Listed Building – Category A
- Designated: 25 October 1972
- Reference no.: LB2102

= Airth Castle =

Airth Castle is a castle overlooking the village of Airth and the River Forth, in the Falkirk area of Scotland. Until 2023, the castle operated as a hotel and spa.

==History==
According to an account attributed to Blind Harry, in 1298 William Wallace attacked a previous wooden fortification on this site to rescue his imprisoned uncle, a priest from Dunipace. A later castle was burnt or destroyed after the defeat of King James III at Sauchieburn in 1488, and Robert Bruce of Airth was given £100 Scots towards rebuilding. The southwest tower is the earliest part, dating to the period immediately thereafter. An extension was added on the east side in the mid 16th century.

Airth Castle was owned by Falcones. Mary Bruce, a daughter of the laird of Airth, was a companion of Mary, Queen of Scots in England. The family were Jacobite sympathizers who were forced to sell after the failure of the 1715 rising.

The castle is a major historic building that retains much medieval fabric. As such, Historic Environment Scotland has designated it a Category A listed building. The ruins of the former parish church of Airth are within the grounds.

Airth Castle is owned by Airth Castle Limited and was operated by Airth Castle Hotel & Spa, a company formed in 2004. It was a popular wedding venue. The operator entered administration and ceased trading in March 2023.

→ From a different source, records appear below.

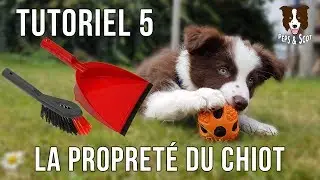 La Propreté du Chiot - Tutoriel complet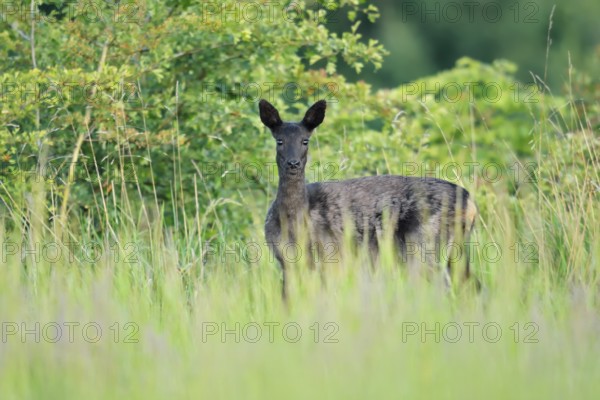 European roe deer (Capreolus capreolus), black doe standing in a meadow, Lower Saxony, Germany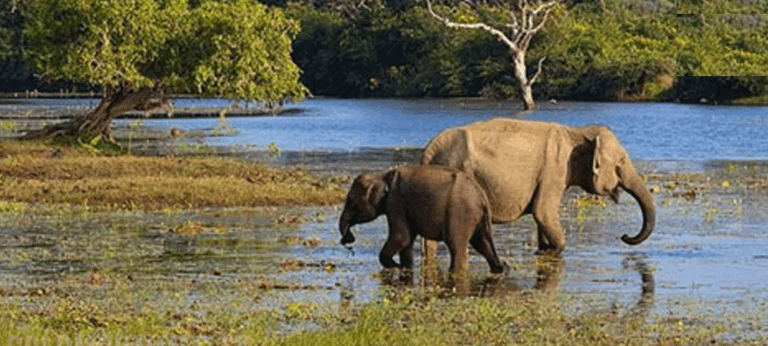 වනජීවී කලාපවල වැව් – අමුණු පෞද්ගලීකරණය කිරීමේ සැලසුමක් ! – සොබාදහම් අධ්‍යයන මධ්‍යස්ථානය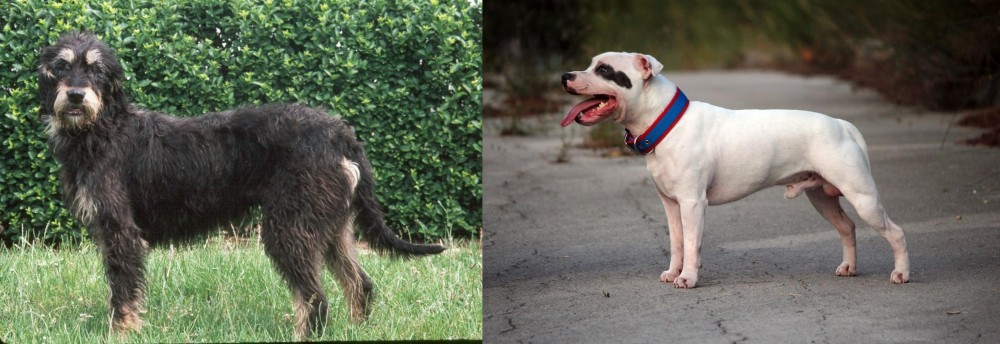 Staffordshire Bull Terrier vs Griffon Nivernais - Breed Comparison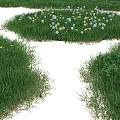 Green Turf With Small Flowers In Various Shapes For Natural Garden Decor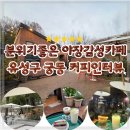 한밭대로 | 커피인터뷰 궁동 유성구 야외 테라스 카페 낮에 즐기는 야장감성 카페 후기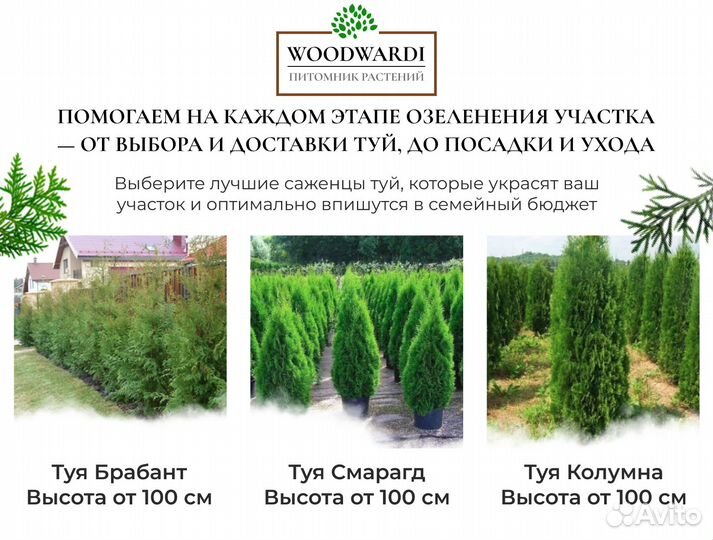 Туя в ассортименте:Смарагд,Брабант,Колумна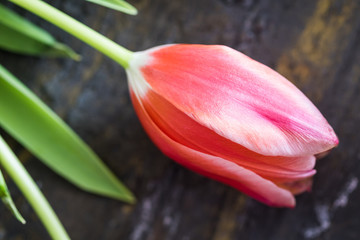 Closeup of one red tulip flower.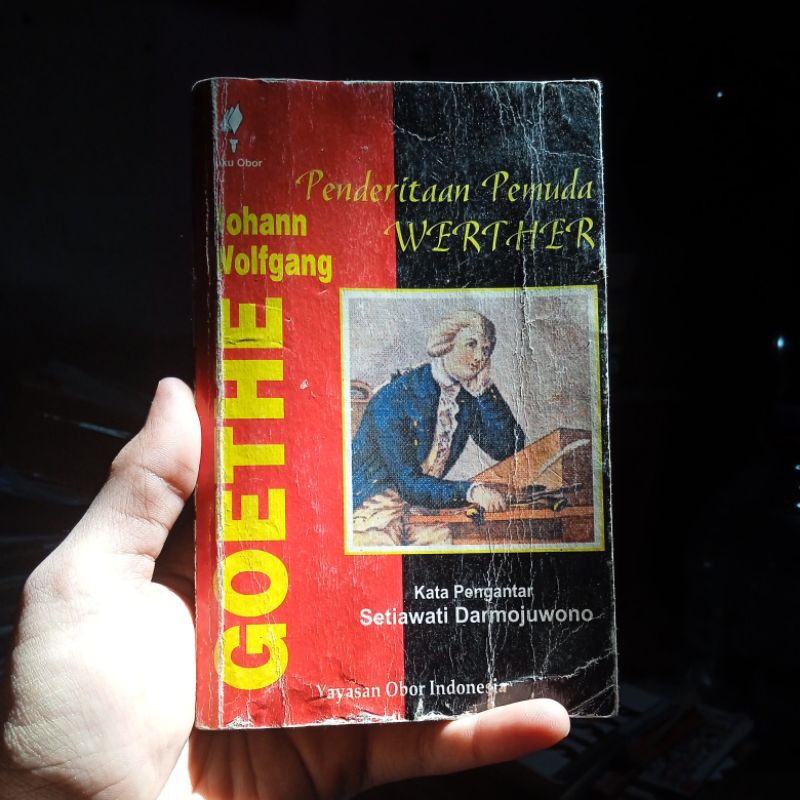 Johan Wolfgang Goethe; Penderitaan Pemuda Werther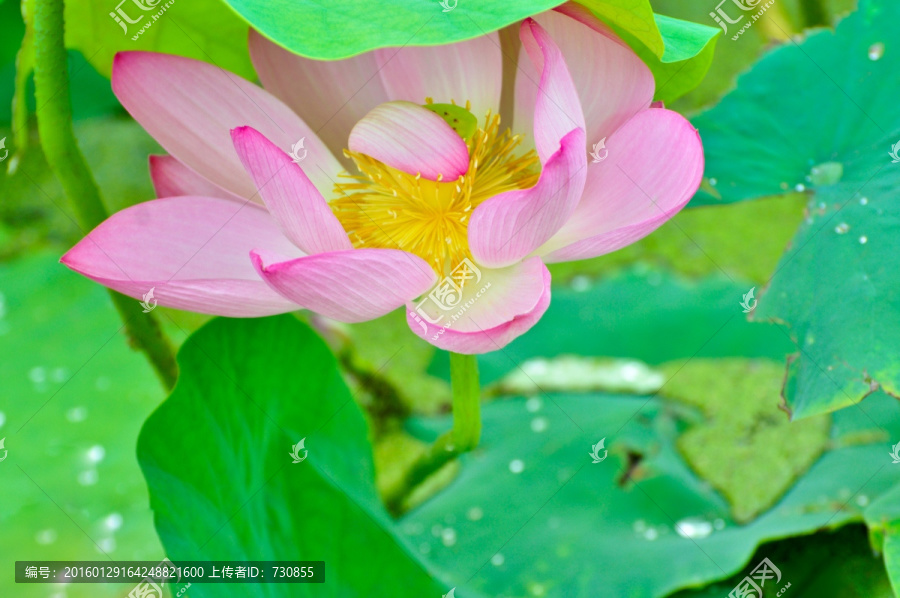 雨后荷花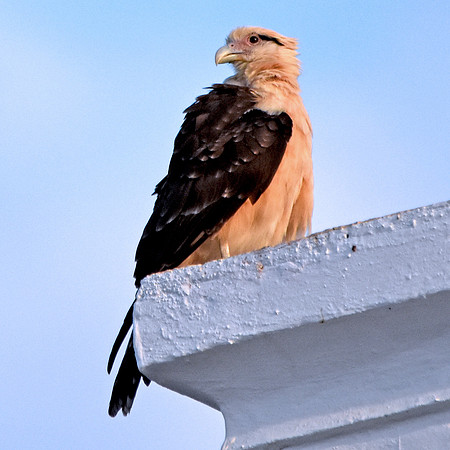 Yellow headed caracara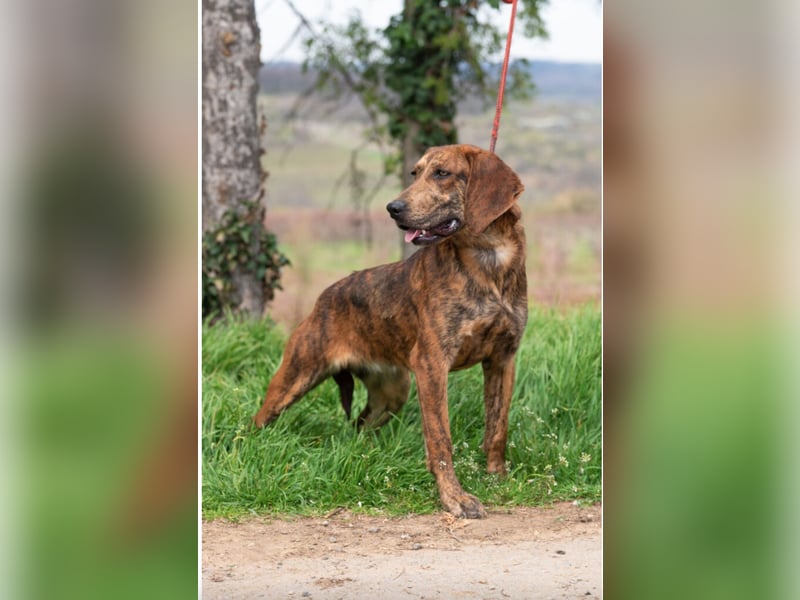 „Mina“, ca. 01.04.2024 geboren, sehr liebe, stattliche und selbstbewusste Plott Hound Mixhündin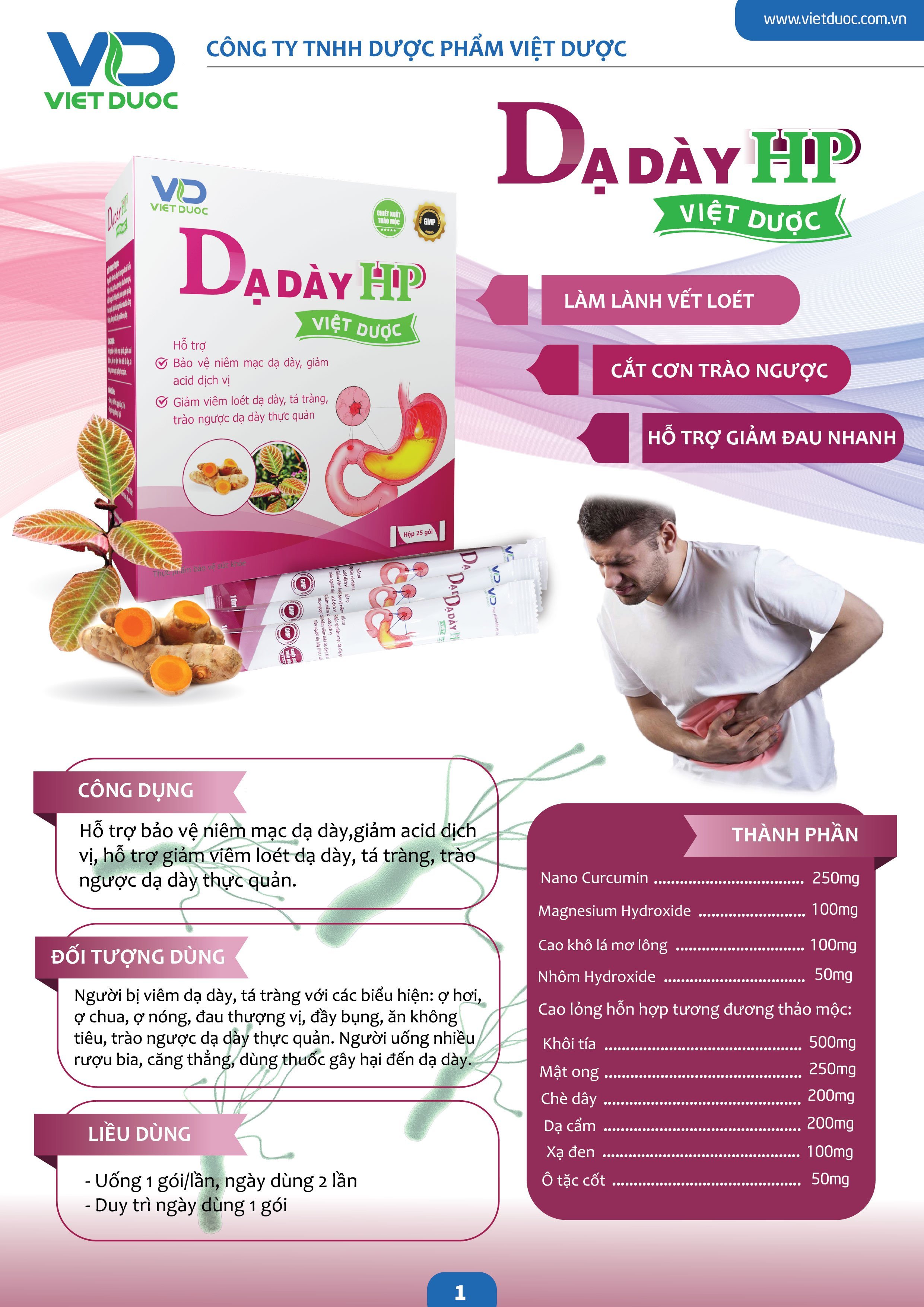Dạ Dày HP Việt Dược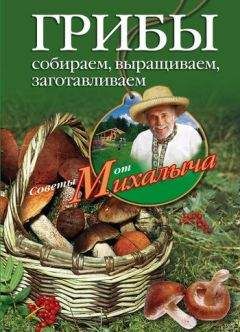 Николай Звонарев - Смородина. Сажаем, выращиваем, заготавливаем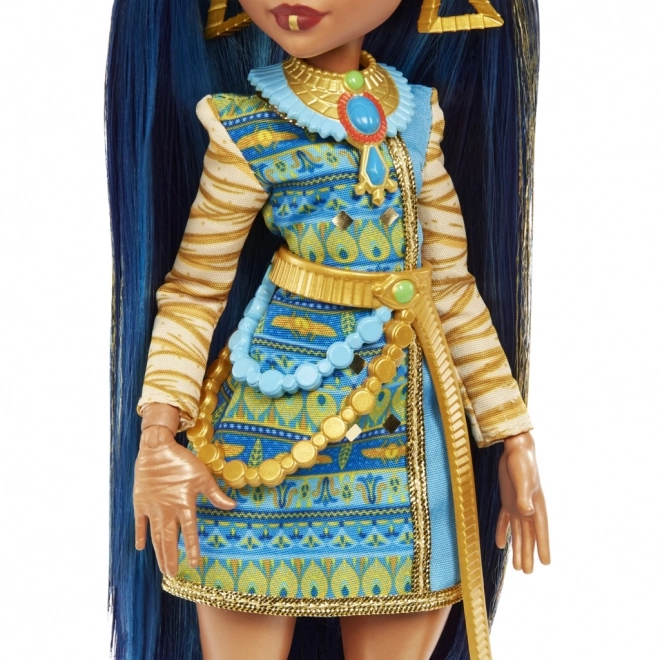 Monster High lalka z akcesoriami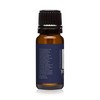 Instant Vacation Premium Grade Fragrance Oil - 10ml - Scented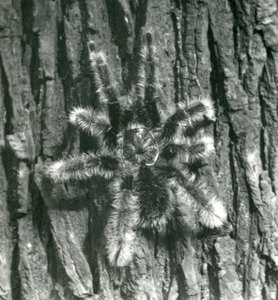 Eine Trinidad Chevron Vogelspinne auf der Rinde eines Baumstamms, Londoner Zoo, Oktober 1926 von Frederick William Bond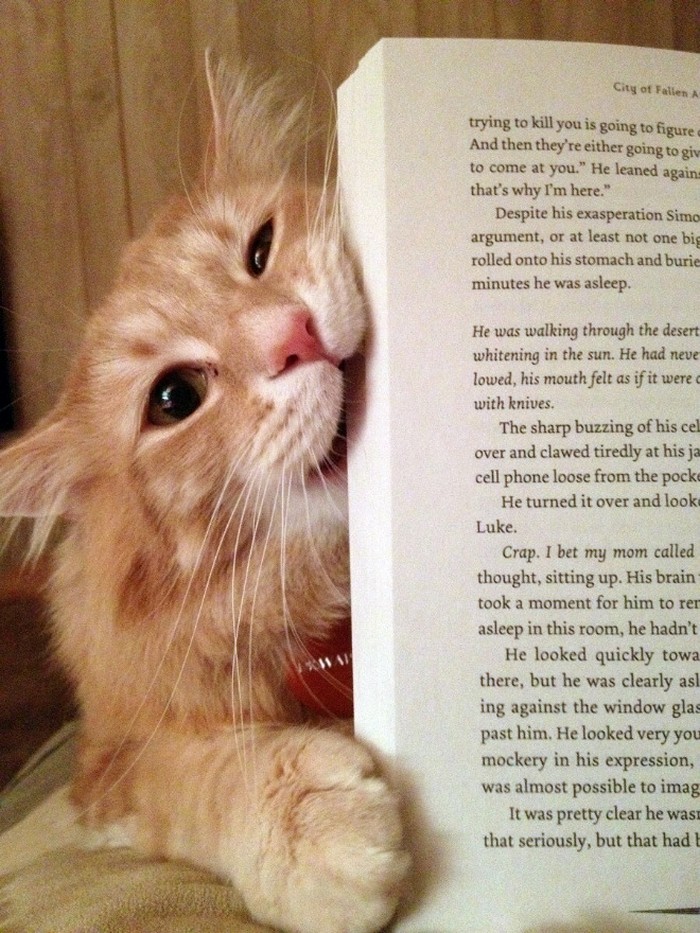 Quando os donos de gatos tentam ler (22 fotos) 2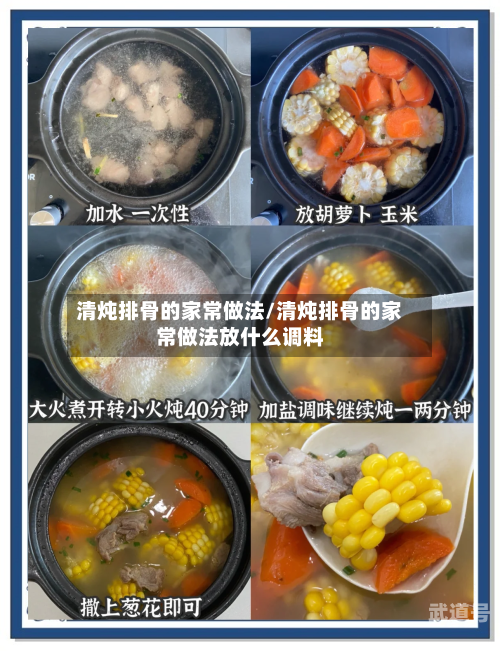 清炖排骨的家常做法/清炖排骨的家常做法放什么调料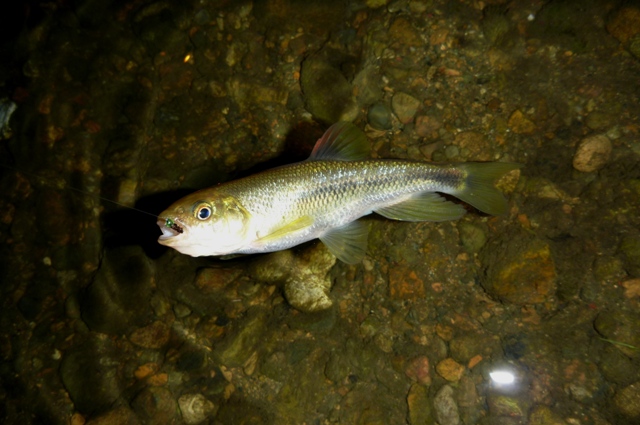20121110_04.jpg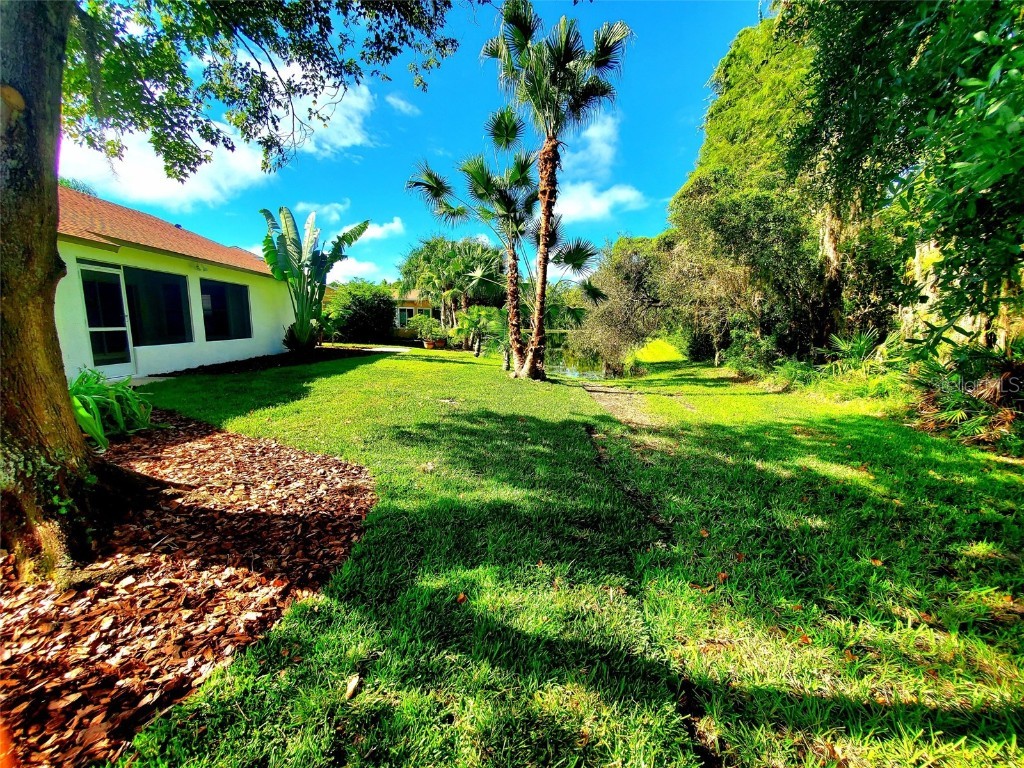 1517 Morning Rose Place Trinity FL 34655 TB8431134 image47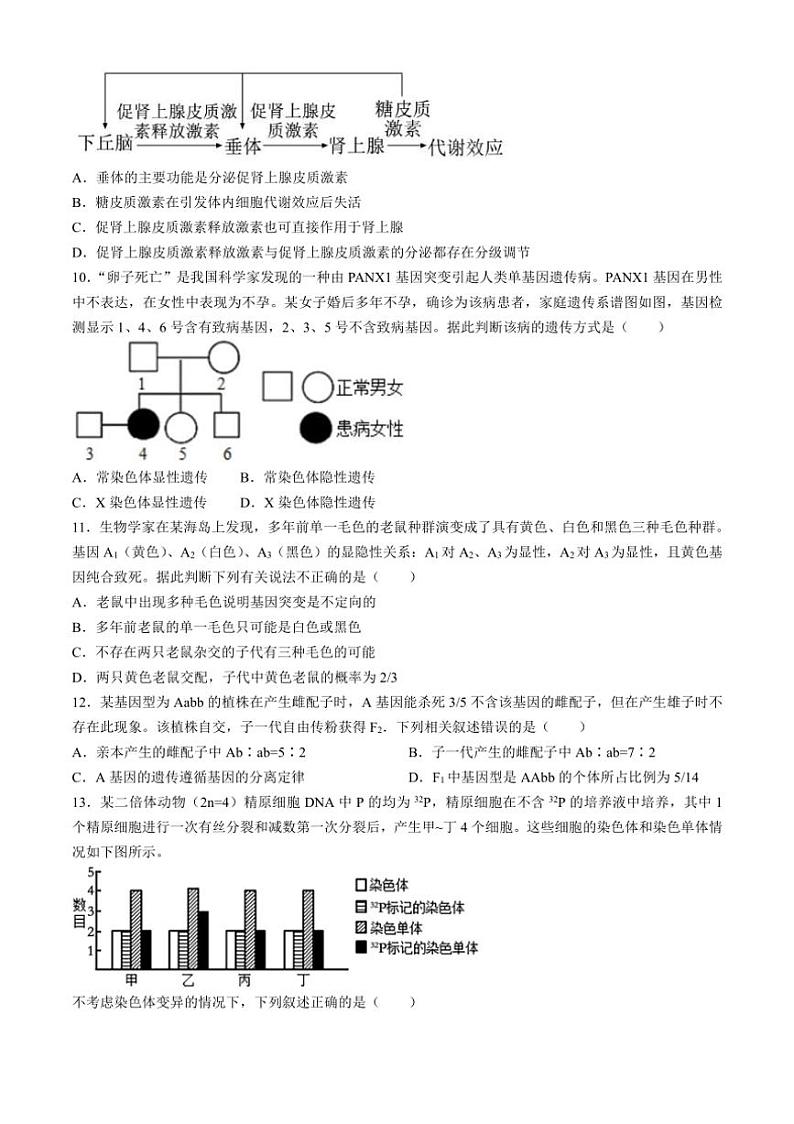 [生物]天津市和平区双菱中学2024～2025学年高三上学期10月第一次月考试题(有答案)第3页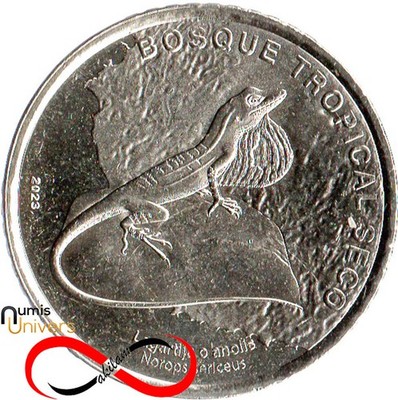 50 Colones de Costa Rica 2023 (2025) - La Faune de Costa Rica, Anolis Sericeus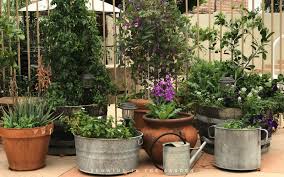 Water Outdoor Potted Plants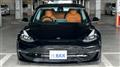 2019 Tesla Motors Others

Parts of the Airth Castle Hotel building were destroyed when a fire broke out during the early hours of 23 September 2024.

==Ghostlore==
The castle, like many in the area, has a variety of ghostlore stories associated with it. These stories include:

- Sightings of a nanny with two young children who are said to have died in a fire at the castle.
- The sound of children playing being heard in rooms 3, 4, 9 and 23.
- Heavy footsteps can be heard outside room 14 before suddenly stopping and disappearing.
- People have also reported hearing cries and screams believed to be from a maid who was attacked by her master and left to die.
- A ghost dog, with a predilection for biting ankles, is believed to roam the hallways.
- A groundsman reportedly haunts the lower floor of the castle.